Bref, pas top le top, la recherche francilienne est vraiment décadente…

 

précision : attention, une sous-productivité ou une sur-productivité peut s’expliquer partiellement voire totalement par des effets
de spécialisation (présence plus faiblle/plus forte de domaines scientifiques qui ont une propension à publier (ou à déposer des brevets) plus forte).

 

Sur le même sujet :

Recherche : le rang de
la France

– Le rapport Juppé-Rocard :
quelques inepties

 – La déconcentration de la production
scientifique

– L’innovation en Poitou-Charentes

5 commentaires sur “La décadence de la recherche parisienne (suite – moins drôle)

  1. Je suis toujours dubitatif quand on utilise la bibliométrie (ou les brevet) comme indicateur. Par exemple, la baisse en terme de publications ou de brevets peut coïncider avec une productivité
    croissante pourvu que la perte soit prise dans les publications et brevets sans intérêts (qui n’émanent pas de mauvais chercheurs, bien sûr, mais de chercheurs sous pression de leur hiérarchie de
    faire monter des indicateurs dont l’intérêt est au mieux douteux).

  2. Il me semble que ce ne sont pas tant les critères de qualité des revues (et des brevets si tant est que cela soit mesurable) qui jouent. Au moins pour l’économie, même quand on trifouille
    les indicateurs dans tous les sens, on retombe de façon quasi-systématique sur les mêmes classements. Les 5 meilleurs revues sont invariablement l’AER, le JPE, la RES, Econometrica et le QJE.
    Pour les labos, on obtient aussi toujours la même chose TSE, puis PSE (pas loin) et les autres plus loins.
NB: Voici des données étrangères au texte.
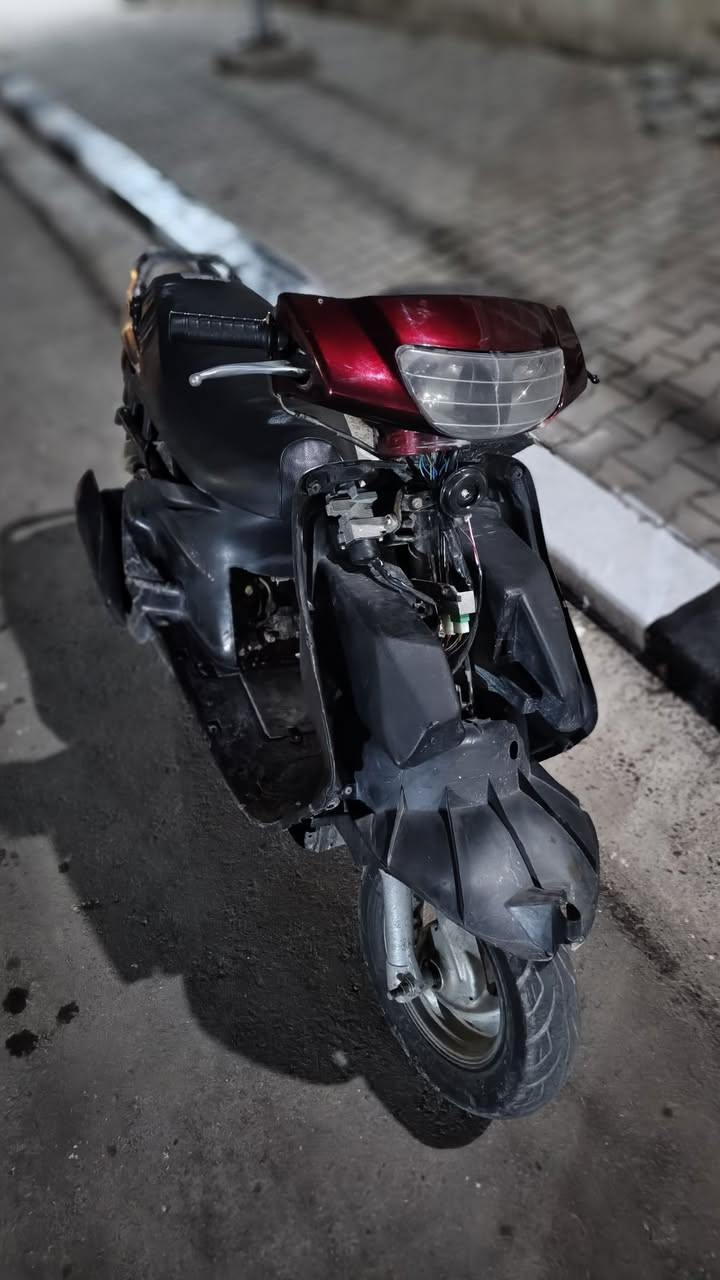 السلام عليكم دراجه فراشه للبيع كفراته كامله  نضافه 98/١٠٠ شوف عينك دراجه دراجه شلعه ومعدل مكاني نجف لشراي  لالتصال ولاستفسار اتصل على رقم *********** كامله دراجه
Le papier de 2001 de Combes et Linnemer en est un bon exemple (http://adres.ensae.fr/anciens/n62/vol62-03.pdf). D’autres études vont en ce sens. Il y a une très bonne explication à cela, les meilleurs sont
    concentrés dans les meilleurs labos (émulation, carrières, partenariats, moyens, etc.) et en général, non seulement ils publient plus mais aussi mieux. Jean Tirole en est l’archétype, mais on
    pourrait prendre d’autres exemples moins emblématiques. Du coup, la pondération par la qualité ne doit pas changer grand chose.

    En revanche, on peut supposer que la répartition des effectifs de recherche par discipline joue fortement. En effet, les publis en maths sont généralement rares et signées par un ou deux auteurs.
    Dans certaines sciences expérimentales (biologie, médecine, écologie, etc.) il n’est pas rare de voir des papiers avec de nombreux co-auteurs (parfois plus d’une dizaine) resservies
    différement dans plusieurs revues. Ce sont des habitudes de publications différentes, mais qui peuvent grandement influencer ces résultats. Si l’on ne tient pas compte des co-auteurs (pas de
    double compte pour un labo) et des moyennes de publication par discipline, alors on peut suspecter que ces chiffres nous disent simplement qu’à Paris, on fait plus de maths qu’ailleurs par
    exemple.

  3. Après la recherche, l’innovation.

    Vu de l’intérieur et en toute objectivité les résultats sont assez similaires pour l’innovation (quoique peut-être un peu plus mesuré) : voyez cette récente co-publication Insee-Région IDF qui
    conclut à une efficacité sous-optimale du fort potentiel d’innovation régional, particulièrement concentré à Paris. L’effet d’agglomération joue à plein… peut-être trop.